Apropos Sportverein: Der junge Bankkaufmann am Schalter hat dort auch schon Fußball gespielt - von daher kennt er so manchen Kunden besonders gut. "Man duzt sich." Jürgen Groß kennt aber auch so gut wie alle der 734 Mitglieder der Genossenschaftsbank. "Man weiß viel voneinander, somit ist Vertrauen da.
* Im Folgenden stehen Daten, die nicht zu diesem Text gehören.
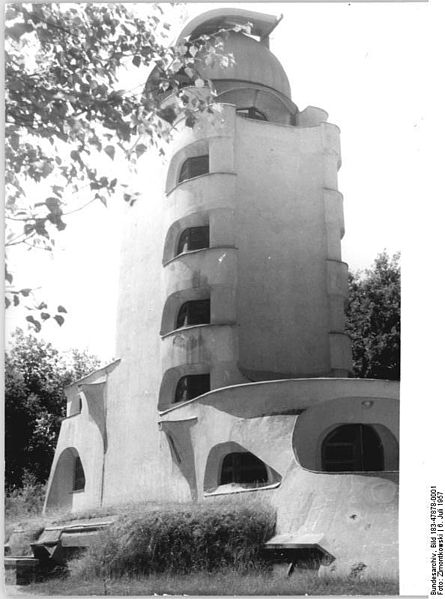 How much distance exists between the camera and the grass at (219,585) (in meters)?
8.15

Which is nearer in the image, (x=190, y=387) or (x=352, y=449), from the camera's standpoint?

Das ist das A und O was Bankgeschäfte angeht." Die gegenseitige Verbundenheit zeigt sich auch daran, dass der Berghüler Kunde direkt mit dem Vorstand reden kann. Mayer: "Versuchen Sie das mal bei der Deutschen Bank."

Rentner Johannes Lohrmann jedenfalls kann sich keine Alternative zu seiner alten Heimatbank vorstellen: "Es wär mir arg, wenn sie zumacha tät. Dann tät i mei Geld dahoim lassa."

Zahlen und Fakten zur Raiffeisenbank Berghülen

Konkurrenzlos Die Raiffeisenbank Berghülen ist die einzige Bank am Ort. Sie hat 2300 Kunden. Dies ist insofern bemerkenswert, als die Gemeinde am Hauptort und den Teilorten Bühlenhausen und Treffensbuch 1900 Einwohner zählt.

Ertragsstark Die Bilanzsumme wird im Geschäftsbericht für 2013 mit 49 Millionen Euro beziffert. Es wurde ein Ertrag von 664 000 Euro (vor Steuern) erwirtschaftet. Die Rendite für die Mitglieder: eine 6,5-prozentige Dividende.

Örtlich Steuern bezahlt die kleine Bank, wo sie ihren Ertrag erwirtschaftet: in Berghülen. Aus dem Betrag macht sie kein Geheimnis. Die Raiffeisenbank hat im Jahr 2013 an die Gemeinde rund 71 000 Euro Gewerbesteuer bezahlt.

Ausgezeichnet In der europäischen Bankenstudie einer Managementfirma kam die Raiba Berghülen auf Platz 9 der deutschen Rangliste. Als Erfolgsfaktor machte die Studie die Ertragsstärke der Genossenschaftsbank aus.